Hamill has a unique perspective of the character. When George Lucas directed Star Wars Episode IV, A New Hope, he was famously awkward and reserved, only giving very basic instructions on set, leaving the actors to basically create the character themselves. From that point of view, undoubtedly Mark Hamill had a very specific idea of who the character he was playing was. His origins were simple and clearly intimated in the script, and his somewhat ridiculed whiny nature was typical of a sheltered teenager who longed for adventure. By the time the sequel Empire Strikes Back was filmed, directed this time by a competent, nay extremely talented Director, Irvin Kershner, Hamill would have seen his character's future mapped out more clearly. No longer whiny, but still youthful in his enthusiasm, Luke proves himself a warrior as he faces down Darth Vader directly.

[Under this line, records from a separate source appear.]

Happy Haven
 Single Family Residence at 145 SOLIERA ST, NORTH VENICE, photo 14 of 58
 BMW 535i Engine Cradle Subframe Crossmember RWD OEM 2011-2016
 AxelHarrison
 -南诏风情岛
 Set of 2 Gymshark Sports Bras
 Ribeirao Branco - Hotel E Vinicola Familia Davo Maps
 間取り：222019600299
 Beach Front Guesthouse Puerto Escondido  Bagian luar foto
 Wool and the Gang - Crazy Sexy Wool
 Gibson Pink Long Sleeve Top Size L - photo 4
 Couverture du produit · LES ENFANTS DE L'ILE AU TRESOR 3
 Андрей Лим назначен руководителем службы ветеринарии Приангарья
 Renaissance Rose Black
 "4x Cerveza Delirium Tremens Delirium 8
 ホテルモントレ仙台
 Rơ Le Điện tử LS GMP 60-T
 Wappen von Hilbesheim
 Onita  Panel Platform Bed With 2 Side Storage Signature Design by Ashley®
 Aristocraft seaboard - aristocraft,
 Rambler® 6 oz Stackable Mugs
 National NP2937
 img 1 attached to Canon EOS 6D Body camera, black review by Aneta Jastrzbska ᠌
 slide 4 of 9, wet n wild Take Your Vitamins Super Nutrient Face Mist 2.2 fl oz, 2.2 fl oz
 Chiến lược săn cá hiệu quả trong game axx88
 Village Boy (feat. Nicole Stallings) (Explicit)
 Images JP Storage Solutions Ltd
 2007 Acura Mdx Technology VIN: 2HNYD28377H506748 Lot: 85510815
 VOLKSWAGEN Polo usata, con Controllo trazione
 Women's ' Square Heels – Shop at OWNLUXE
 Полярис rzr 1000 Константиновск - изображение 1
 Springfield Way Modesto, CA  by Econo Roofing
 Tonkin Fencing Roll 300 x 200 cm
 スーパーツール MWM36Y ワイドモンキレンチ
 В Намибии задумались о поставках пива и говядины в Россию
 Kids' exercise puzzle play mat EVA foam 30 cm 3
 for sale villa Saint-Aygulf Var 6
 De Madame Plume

And further, by Return of the Jedi, Richard Marquand's rumoured ineffectual direction, Hamill will have taken charge again to shape his character the way he saw him.

As the future of Star Wars as a franchise lay fallow, ten years passed before what became known as the Expanded Universe started to evolve, a series of novels, comics, video games, and toys that would involve the further adventures of Luke, Leia, and Han. Though ultimately rendered obsolete, these stories allowed the actors to reflect on their characters as vibrant dynamic heroes who repeatedly defeated enemies and saved the Galaxy multiple times.

And then came the Prequels, those much-maligned back stories of where our heroes came from, what the Galaxy was like before the Empire crushed it beneath its feet. And the Jedi Knights were not portrayed as heroic at all, but arrogant, interfering, foolish, and complacent. Mistake after mistake led them to a reckoning, one that opened up the cracks that let the Sith rule.

And so the new trilogy, that began after Disney's purchase of Lucasfilm with The Force Awakens, now having wiped those exciting stories from canon, termed Legends, has the Luke we see at the end of the first movie as having had none of those adventures. His life is not one of triumph after triumph, or even of maintaining hope in the Galaxy. Instead, as The Last Jedi has shown, he has failed repeatedly, just as the Jedi Knights had done at the formation of the Empire.

And no wonder. Luke was no Jedi, he was barely trained and was far too old. He had no living mentors, no understanding of what he was doing. He tried his best, did what he could with what little he could glean from the Histories, but he had no chance. Having seen his star pupil so easily succumb to the Dark Side would naturally have sent him reeling, realising he was no Jedi Master, no equal to Yoda or those who came before him. That is the Luke we see in The Last Jedi, the only Luke there could have been.

Mark Hamill saw Luke as a hero, a Jedi Knight who saved the Galaxy, and portrayed him that way in every movie up until then. But naturally he cannot see the character in the objective way the audience has. The Jedi are not capable of saving the Galaxy, it takes more than the Light Side of the Force to defeat the Dark Side. There must be a balance between the two. The Jedi have to end, the Sith have to end, and something new take their place. That's where the story has to go, and that's how Luke must be portrayed.